### TASK TO COMPLETE
Reproduce each entry exactly as it reads. Leave the images out.

-------- SOURCE INFORMATION --------

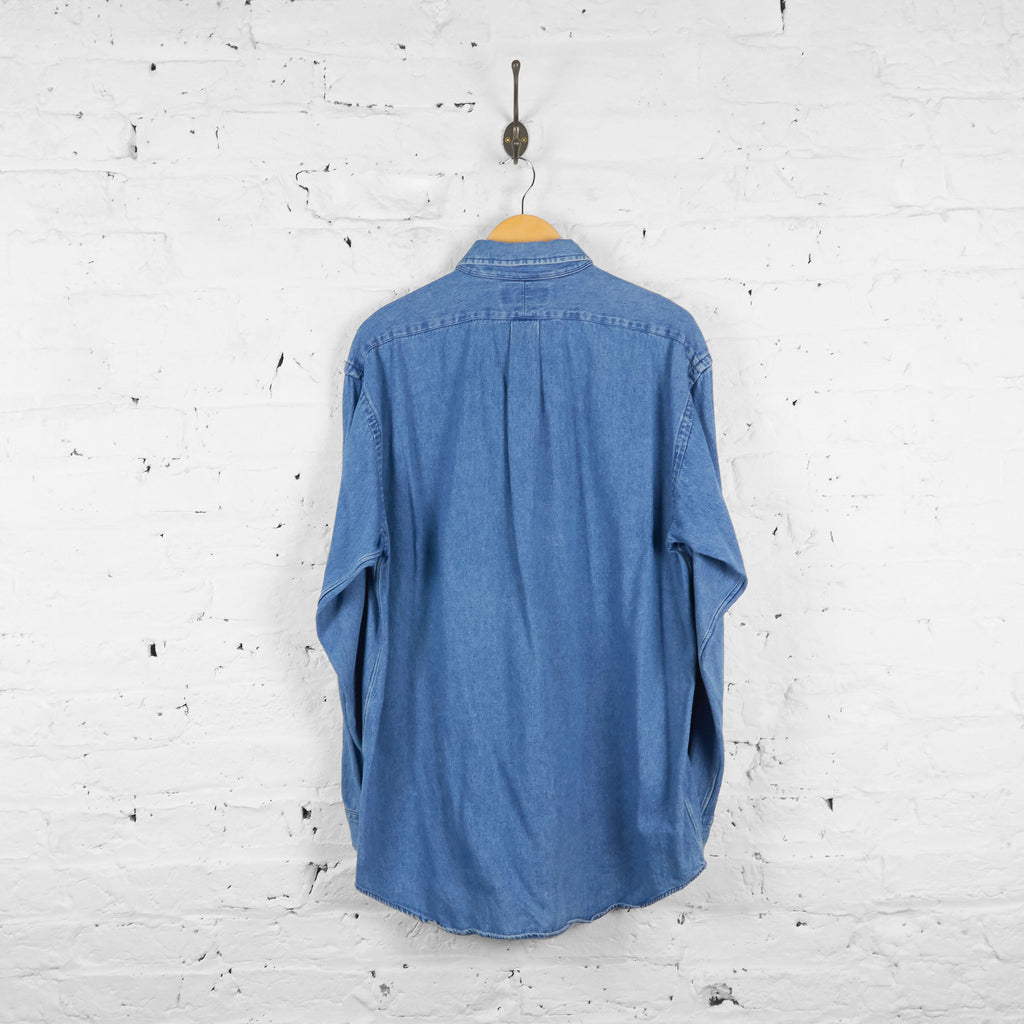 Vintage Ralph Lauren Blake Denim Shirt - Blue - L - Headlock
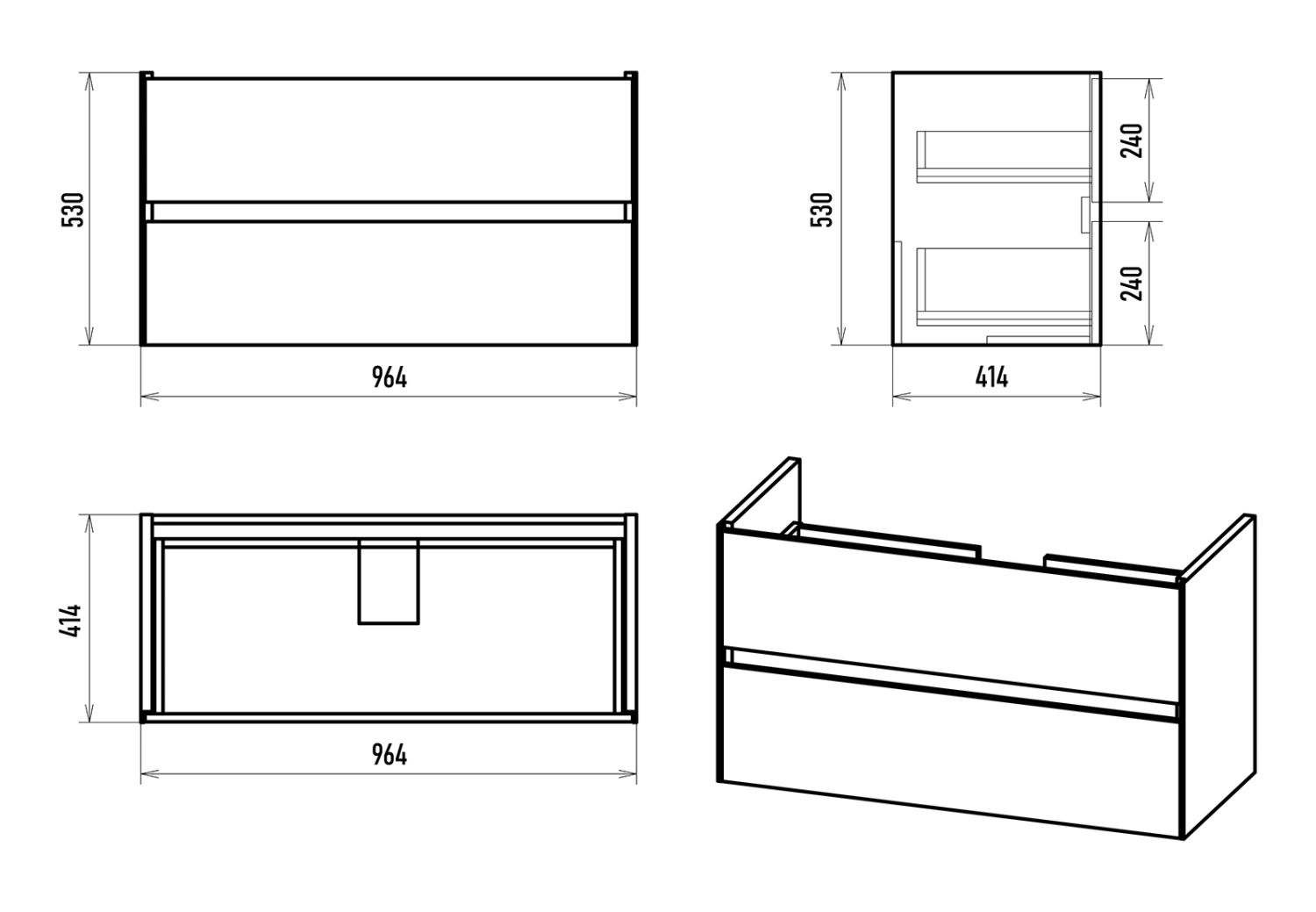 Тумба с раковиной Misty Твист 100 подвесная (белая) от магазина Vanna-Vanna.ru!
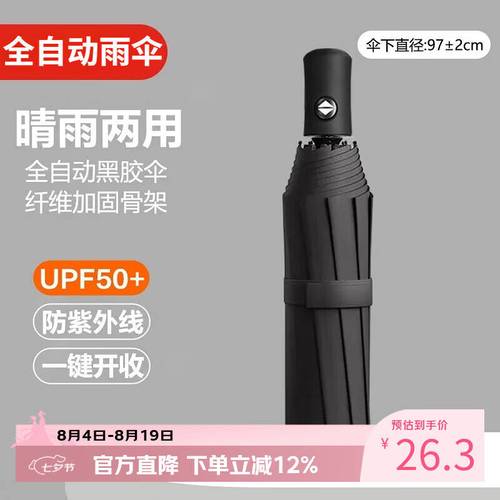 告別通勤狼狽，全自動(dòng)晴雨傘實(shí)力圈粉打工人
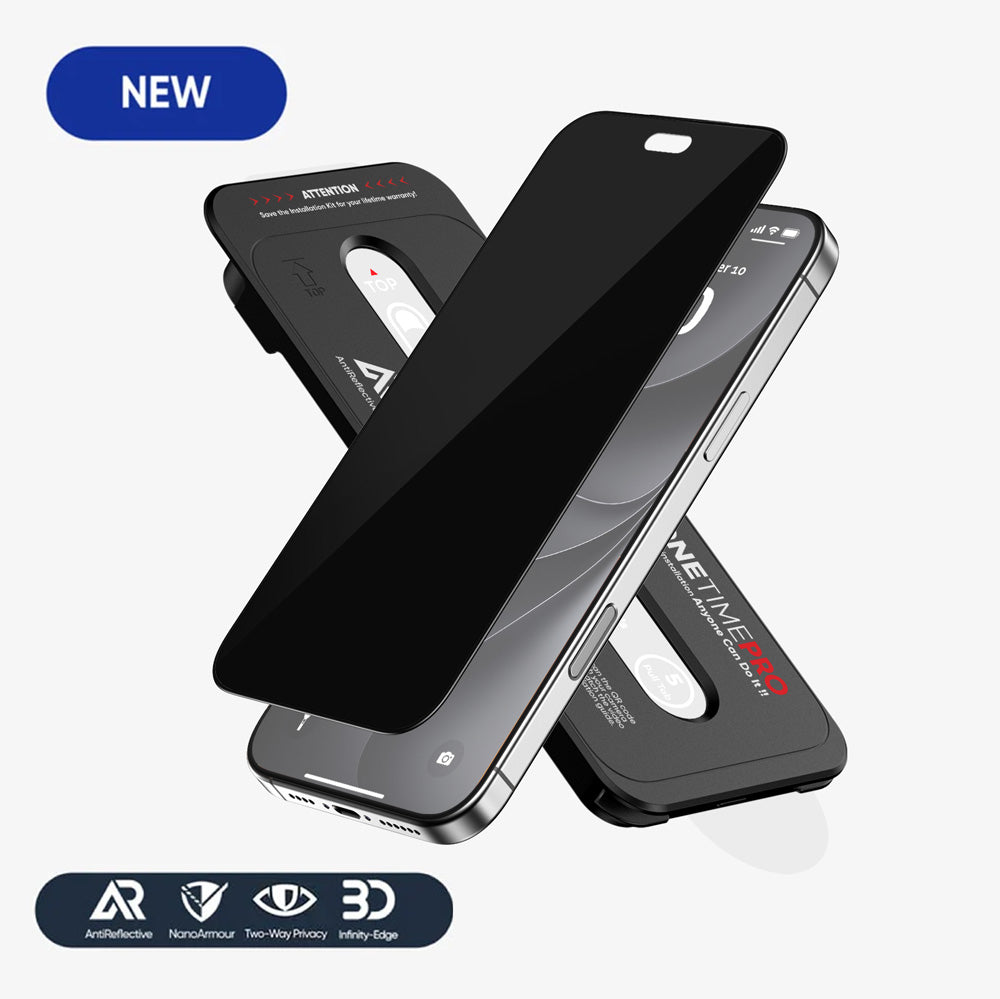 NanoArmour ONETIME PRO Privacy Anti Reflective 3D Infinity Edge – for iPhone 18 Series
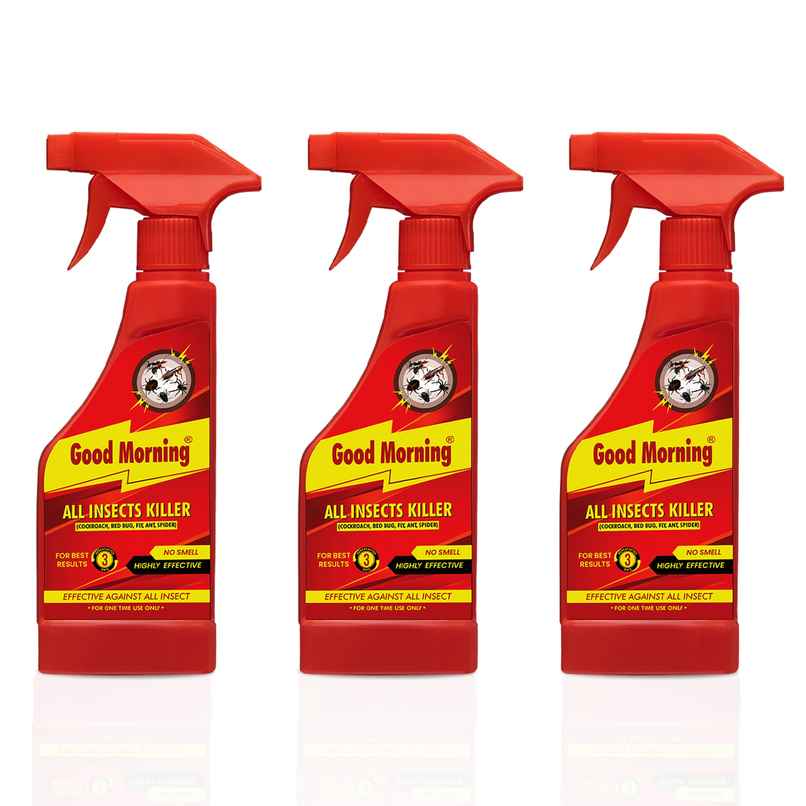 Good Morning All Insect Killer Spray - 400ml | Pack of 3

--------

### ANSWER TO THE PROBLEM
 Vintage Ralph Lauren Blake Denim Shirt - Blue - L - Headlock
 Тумба с раковиной Misty Твист 100 подвесная (белая) от магазина Vanna-Vanna.ru!
 告別通勤狼狽，全自動(dòng)晴雨傘實(shí)力圈粉打工人
 NanoArmour ONETIME PRO Privacy Anti Reflective 3D Infinity Edge – for iPhone 18 Series
 Good Morning All Insect Killer Spray - 400ml | Pack of 3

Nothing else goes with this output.